DESCRIPTION OF THE TASK
Only the lines from the one containing "The interior is" through the end of the listing are to be repeated, exactly and without pictures.

DATA SHOWN
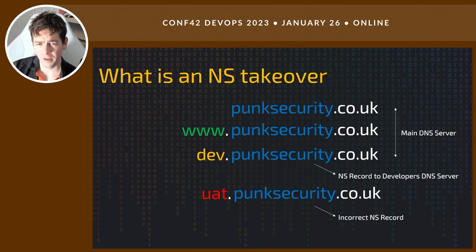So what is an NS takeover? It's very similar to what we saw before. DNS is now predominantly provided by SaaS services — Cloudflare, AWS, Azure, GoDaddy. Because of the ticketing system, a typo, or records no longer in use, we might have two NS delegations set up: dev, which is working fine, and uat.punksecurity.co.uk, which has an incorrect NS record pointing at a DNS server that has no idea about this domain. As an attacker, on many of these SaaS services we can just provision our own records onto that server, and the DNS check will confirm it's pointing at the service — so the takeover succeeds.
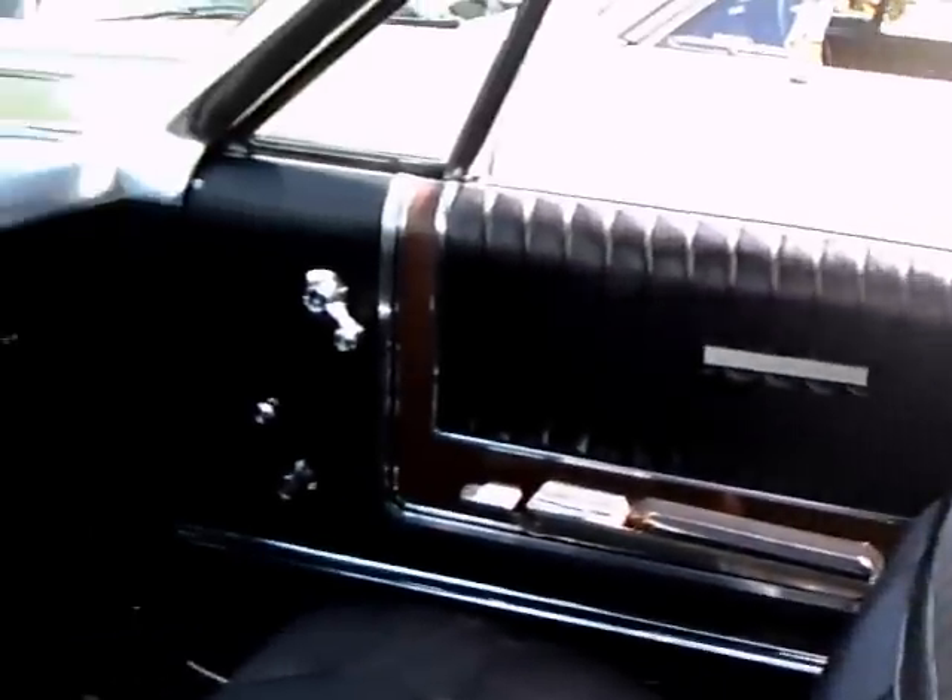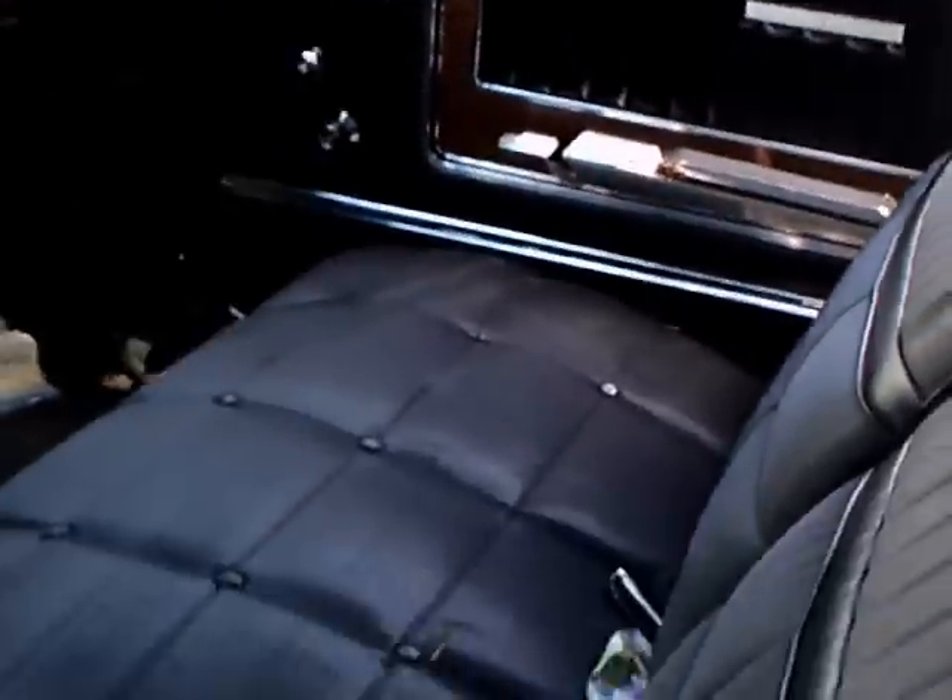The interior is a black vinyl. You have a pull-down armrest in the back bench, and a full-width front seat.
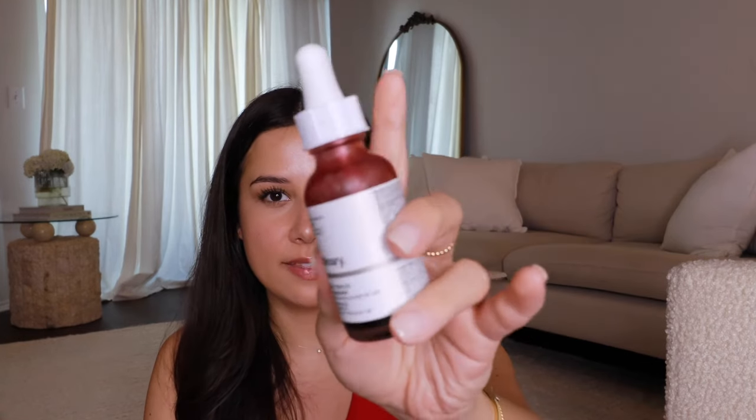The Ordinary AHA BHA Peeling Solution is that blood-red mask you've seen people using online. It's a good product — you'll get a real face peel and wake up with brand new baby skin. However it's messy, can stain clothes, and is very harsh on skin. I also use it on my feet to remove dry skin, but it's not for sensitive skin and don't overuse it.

ANSWER TO THE EXERCISE
The interior is a black vinyl. You have a pull-down armrest in the back bench, and a full-width front seat.
The Ordinary AHA BHA Peeling Solution is that blood-red mask you've seen people using online. It's a good product — you'll get a real face peel and wake up with brand new baby skin. However it's messy, can stain clothes, and is very harsh on skin. I also use it on my feet to remove dry skin, but it's not for sensitive skin and don't overuse it.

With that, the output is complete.